Lógico que ter um elenco de qualidade à mão faz toda a diferença. Grande parte da tensão em um filme de terror vem do vínculo entre o público e os personagens, e se não há empatia nessa relação, não existe o medo de que algo lhes aconteça. Felizmente, todos os atores estão alinhados com a simplicidade terrena de James Wan. Aqui eles não são estrelas de Hollywood, muito menos Paris Hilton correndo seminua. São apenas pessoas. Pessoas normais, confusas, com atos plausíveis, que se assustam e sentem medo como qualquer um que os assiste. Sofrendo no pólo passivo estão os Perron, representados por um simpático Ron Livingston e uma competente Lili Taylor, que contribuem para tornar crível o drama familiar. No pólo ativo estão os Warren, verdadeiros protagonistas do longa, que tratam o sobrenatural com lucidez e abrem espaço até para o ceticismo em suas investigações. Patrick Wilson e Vera Farmiga funcionam como casal e trazem uma verossimilhança aos seus papéis que afasta qualquer vestígio de ridicularização, tornando tudo ainda mais assustador.
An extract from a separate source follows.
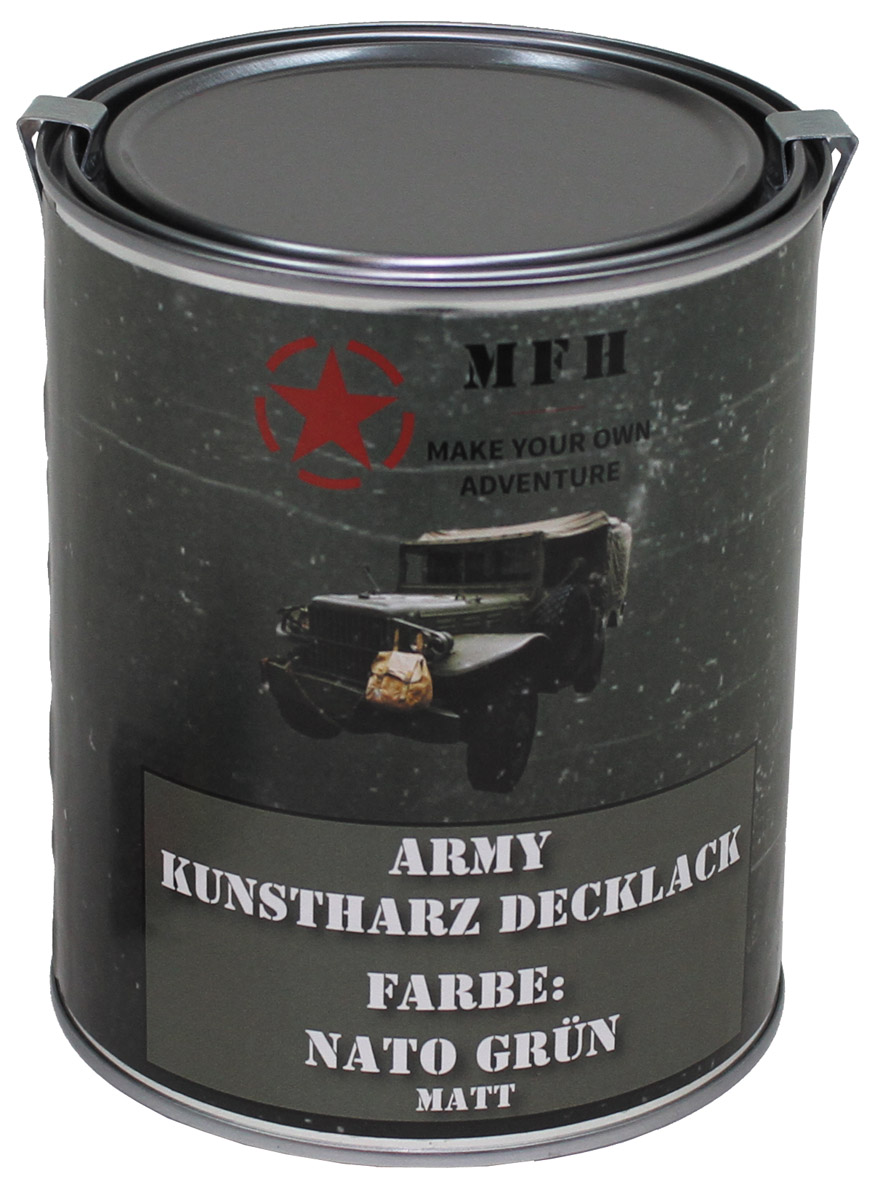 Army Lack, NATO GRÜN, matt, Dose, 1 l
Todos eles são parte fundamental do esforço do cineasta em aproximar o público daquela realidade, utilizando o comum como matéria-prima de seu terror artesanal. E Wan vai além, utilizando o enorme poder da sugestão ao seu favor. Alfred Hitchcock certa vez explicou a distinção entre suspense e surpresa. Quando uma bomba explode sem aviso, isso é surpresa. Quando o público sabe que a bomba vai explodir mas não sabe quando, isso é suspense. James Wan segue esta mesma linha de raciocínio, e embora "Invocação do Mal" seja pontuado de sustos sublinhados por acordes dissonantes, o diretor prefere explorar o vazio, o mistério do mal escondido nas sombras. Subjetividade, é este o substrato do horror promovido por Wan, temperado por uma estética vintage que assemelha o longa aos mesmos clássicos que homenageia. O tempo dirá se esta pérola entrará para o panteão das grandes obras, mas desde já fica comprovado que o potencial humano de preencher as lacunas da realidade com a própria imaginação é a ferramenta mais poderosa do Cinema.
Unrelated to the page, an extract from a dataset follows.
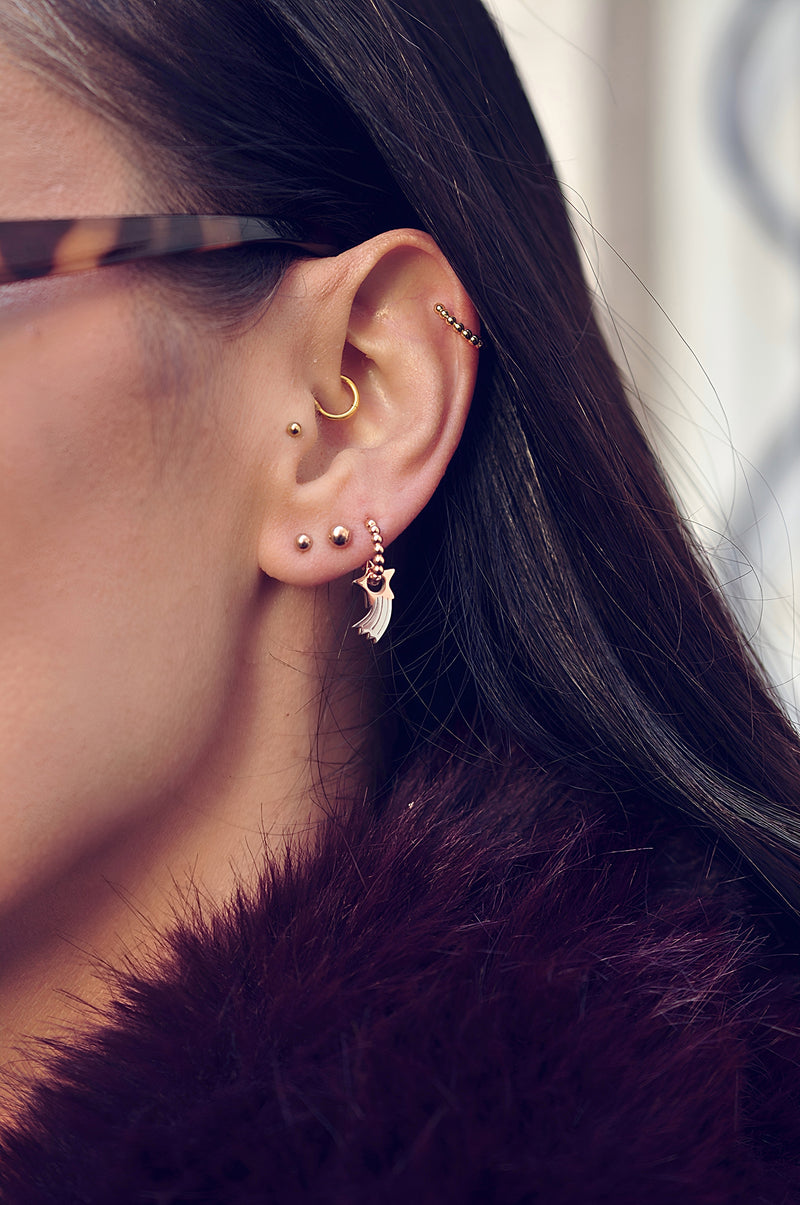 SHOOTING STAR mini dot hoops / SHOOTING STAR mini dot ringovi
Ah, nem é, Alexandre. Todo filme de qualquer gênero pode ser uma completa aula narrativa; gêneros são apenas rótulos criados para que a crítica e para que o público se guiem. Tudo é Cinema. E mais: o satanismo é poucas vezes abordado; e quando o é, normalmente tais filmes seguem a linha de O Exorcista. (E não vejo problema nenhum em abordar o satanismo.) Na verdade, a maioria dos filmes de terror exploram a capacidade humana em fazer atrocidades, e por aí vai.
Terror é um dos gêneros mais ricos que existem; ele é capaz de colocar - com facilidade - sobre uma abordagem complexa uma superfície espelhada para dar a impressão de ser algo comum, quando no fundo não é. Isso você observa em Cão Branco (o racismo), Poltergeist (o american way of life), O Exorcista (a fé posta em prova) e etc.
Não tire conclusões precipitadas; vá conferir algumas coisas antes.
Caralho, viajando pelo site vi que postei isso aqui: \"Tá aí um filme que nunca vou ver...\" e vi essa bagaça ontem... rs 😏
E aí, gostou Alexandre?
Gostei muito da direção, o filme tem alguns momentos interessantes, mas clichês o tornam um pouco previsível... De todo modo é acima da média.